Solemnity of the Most Holy Trinity

    [In the name of the Father, and of the Son, and of the Holy Spirit.  Amen].  A few years ago, after visiting Boston and the bar that served as the model for its self-named series, I had a hankering to re-watch “Cheers,” the 80s sitcom about a bar owned by a washed-up, Boston Red Sox pitcher who is not a paragon of moral virtue.  It turns out the series wasn’t as good as I remember it being when I watched the show (probably because I was young enough that most of the topics the show dealt with flew over my head).  But one part that many people know, even those who haven’t watched a full episode, is the theme song, or at least the lines, “Sometimes you want to go / Where everybody knows your name / and they’re always glad you came…”. There’s a couple more lines, but for the purposes of this homily, that’s enough.
    What made me think of “Cheers” is the Most Holy Trinity, whom we celebrate today.  When it comes to our God, He always knows our name.  And He’s always glad we come to spend time with Him.  Our Trinitarian God, St. John the Apostle and Evangelist tells us in his first epistle, is love.  And love affirms, to paraphrase Bishop Barron and quote a country music title from Dan and Shay, “I’m Glad You Exist.”  There is something especially good about having another person affirm your existence and affirm that they treasure you.  

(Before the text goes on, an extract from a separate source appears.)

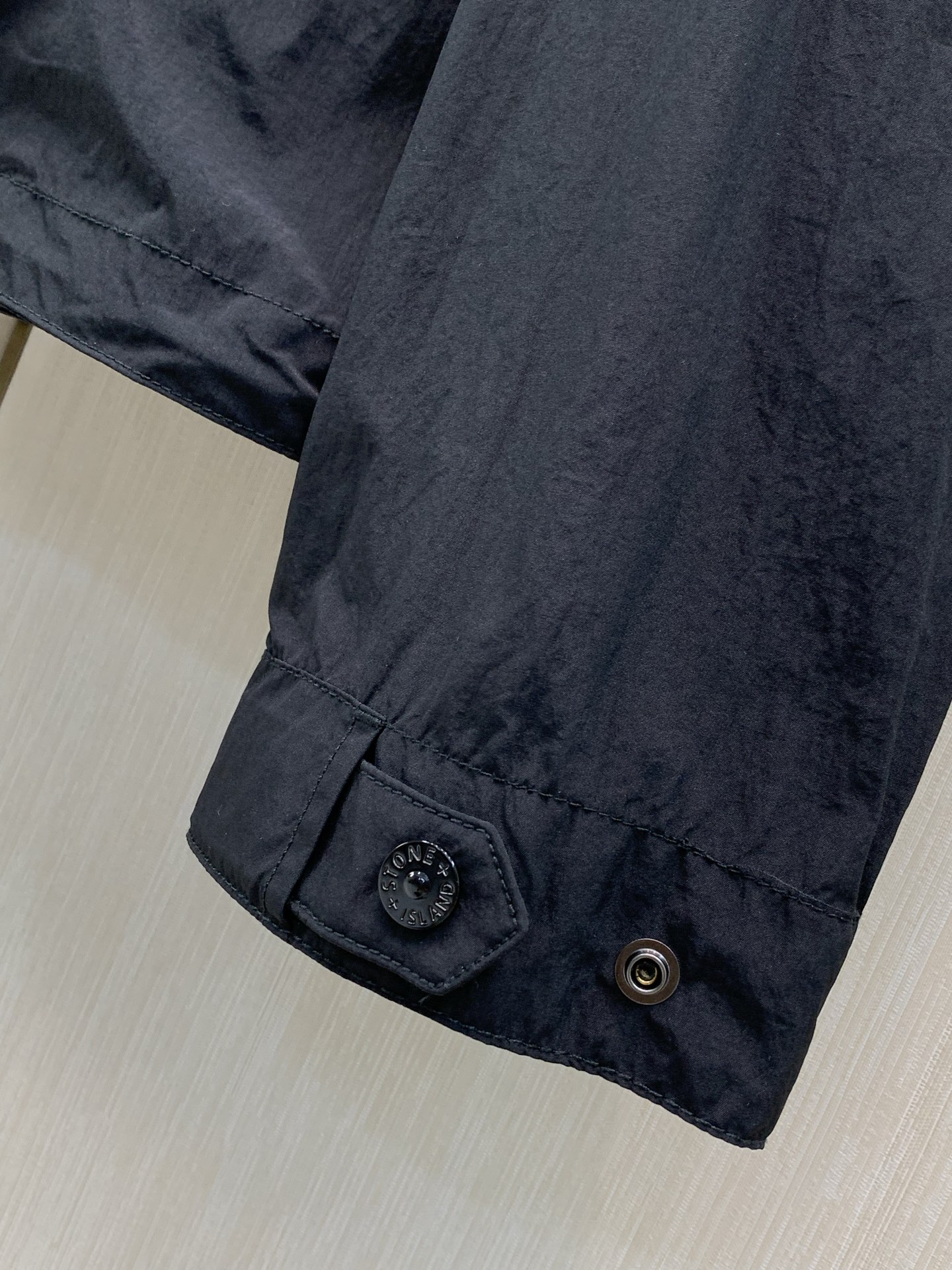 ，Stone Island 石头岛，2026早秋最新款，专柜同步有售，原单狠货，爆款时尚休闲连帽外套，进口原版面料，独特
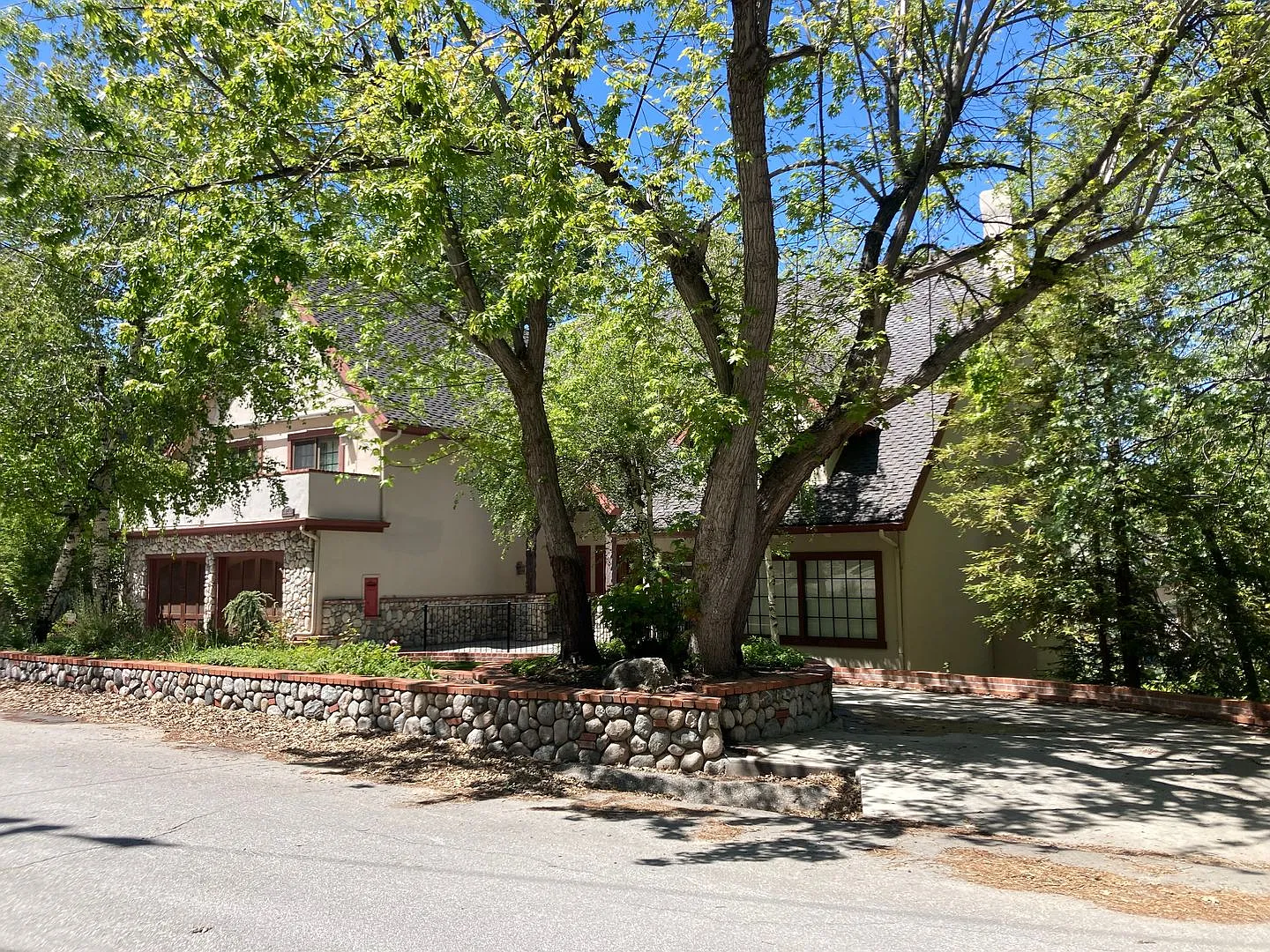 Brilliant Tavern Bay Home — Photo 1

    There’s nothing “soft” about wanting to be wanted.  God, who is Himself a Trinitarian Communion of Divine Persons, made us in His image, which means that He made us for union with others, whether that be the union of friendship or even, for many the union of Holy Matrimony.  But likewise, God made us for union with Him, which can happen in any and all states of life.  So many people try to mask over that desire with goods which will never truly satisfy.  Maybe, as Luke Combs sings, beer never broke your heart, but it also doesn’t support a healthy self-esteem and a feeling of desirability.  You can buy a lot of things, but as Paul McCartney sings, you can’t buy me love.  
    So many young people, and I’ll admit that I got a little caught up in this too, think that social media affirms them.  And maybe, in some small way, it does.  But a like, or a share, or a snap-streak cannot compete with true love.  The trouble is that social media seems to be set up to give some good feelings, feelings of acceptance and desirability, but ones which quickly fade.  So you post more to get more attention.  But that still fades.  So you post more and more, until you find yourself addicted to social media reactions.  Or, on the flip side, as much as you post, people don’t like or favorite or share your status or pics or posts, which only reminds you more of the lack of true love in your life, sometimes leading to depression or even suicide.  
    God made us for love.  God made us with the desire to be in a communion of human persons and divine Persons.  We need love, just like we need God.  And nothing else will fill that hole in our heart.  Nothing else–not riches, power, fame, or sex–will ever fill up the tanks in our hearts that love can.  
    “God showed His love for us,” St. Paul says, “in that while we were still sinners Christ died for us.”  Or, to quote John 3:16: “God so loved the world that he gave his only Son, so that everyone who believes in him might not perish but might have eternal life.”  Love does not equate simply to an emotion, but requires action.  And Christ demonstrated in a way we could understand just how far the love of God would go to reclaim us for Himself, to remind us that nothing earthly thing could ever truly fill our need for love.  God the Father showed His love for us by creating us in His image and likeness.  God the Son showed His love for us by dying on the cross for our salvation.  God the Holy Spirit shows His love for us as we get those God moments, of various types, that remind us just how much God loves us.  The action of love, from the beginning of all time until the consummation (very much a love word) of all time at the return of Christ, is a work of the entire Trinity, who is Himself a Communion of Love.  
    Our role is to accept the invitation into that love that truly makes us whole, and to invite others into that love, too.  The command of Christ at the end of Matthew’s Gospel to baptize all nations is a command to invite the entire world into the love which truly fulfills us.  Baptism, by uniting us to Christ, gives us entry into Trinitarian love.  And everyone needs that, even if they don’t recognize it.  Otherwise, they’ll try to find it in a bottle, in a paycheck, in notoriety, or in power.  And while those will satisfy for a little while, they will leave people feeling even more empty than before, because the thing they thought would fill their need for love abandoned them and lied to them and did not give them what they wanted.  
    We have a God who knows our name.  We have a God who is always glad when we come to Him.  We have a God who is love and who wants to embrace us with His love.  So many other things cry out and pretend to love us.  But in the end, only God’s love, and any true loves connected to God’s love, will last and sustain us.  Through Holy Baptism God joins us to His love.  Through the Mass, we see that love in action as God allows us to join in to the sacrifice of Christ, the Second Person of the Trinity, made once for all on Calvary.  Through our daily lives the Holy Spirit helps us to respond to that love that God first offered us.  Don’t search for love in a bar, not even a famous one in Boston.  God’s love is here, ready to be shared.  And God wants us to share that love out there, outside of this church, so that all people can experience the fullness of love, from the Father, and the Son, and the Holy Spirit.  Amen.